During the debate I held the view (and still do) that in the neocolonies, the state is still in the effective control of multilateralised imperialism.  Britain controlled Uganda until our independence, but since then the economy of Uganda (and for that matter of Kenya and Tanzania) is effectively in the hands of globalised capitalist corporations.  Amongst all African leaders, the person who best understood and defined neocolonialism was Kwame Nkrumah, who was himself overthrown, among other factors, by the corporate manipulation of the cocoa market prices which had plunged Ghana’s economy into a crisis, leading to a military coup backed by the empire.

Nonetheless, I would argue that political independence is an important stage in the fight against imperialism. Under neocolonialism, the common people are brought into the democratic process directly. Political parties are formed to vie for power and they have to reach out to the people for votes. This is significant.

But elections are regularly manipulated by political leaders – partly, of course, for their own benefit, but also, I would contend, for the benefit of the empire. As long as a degree of political stability enables the international financial oligarchy to continue to exploit Africa’s resources, it will support the regime that is in power. Is it surprising that the empire endorsed the 18 February 2016 elections in Uganda and the August 2017 elections in Kenya?

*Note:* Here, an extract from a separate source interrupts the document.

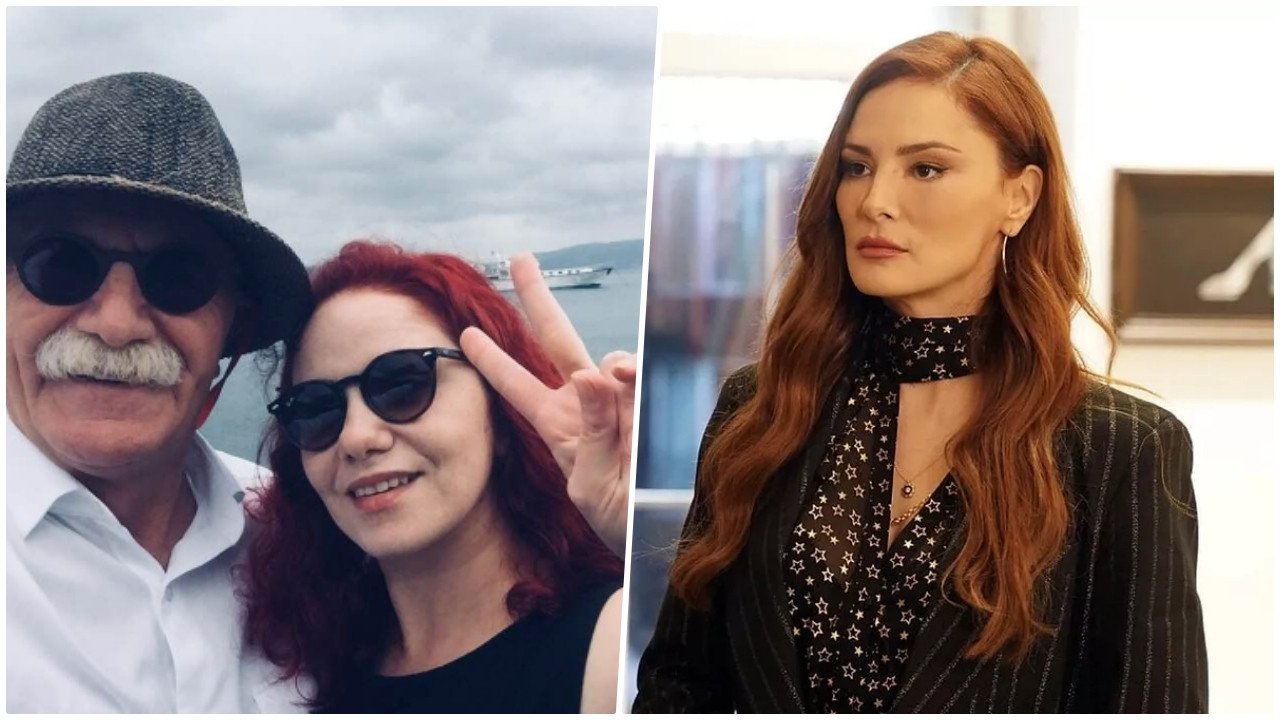 Eylem Şafak Aydın'ın vefatıyla yıkılan Mine Tugay'dan duygulandıran paylaşım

Going back to the “base” and “superstructure” dialectics mentioned earlier, it is manifest that the base – the economy – in East Africa is still in the hands of imperial corporate capital that rules, albeit indirectly, through its comprador agents. These agents are very few in number – not even a thousand in Uganda or Kenya –  but significantly in control of the top echelons of the state apparatus. In this situation, in my view, the peoples’ courts might play a more revolutionary, transformative, role in our countries than the judiciary, which is firmly embedded in the neocolonial structures of governance and adjudication.

But this takes the debate to another level altogether.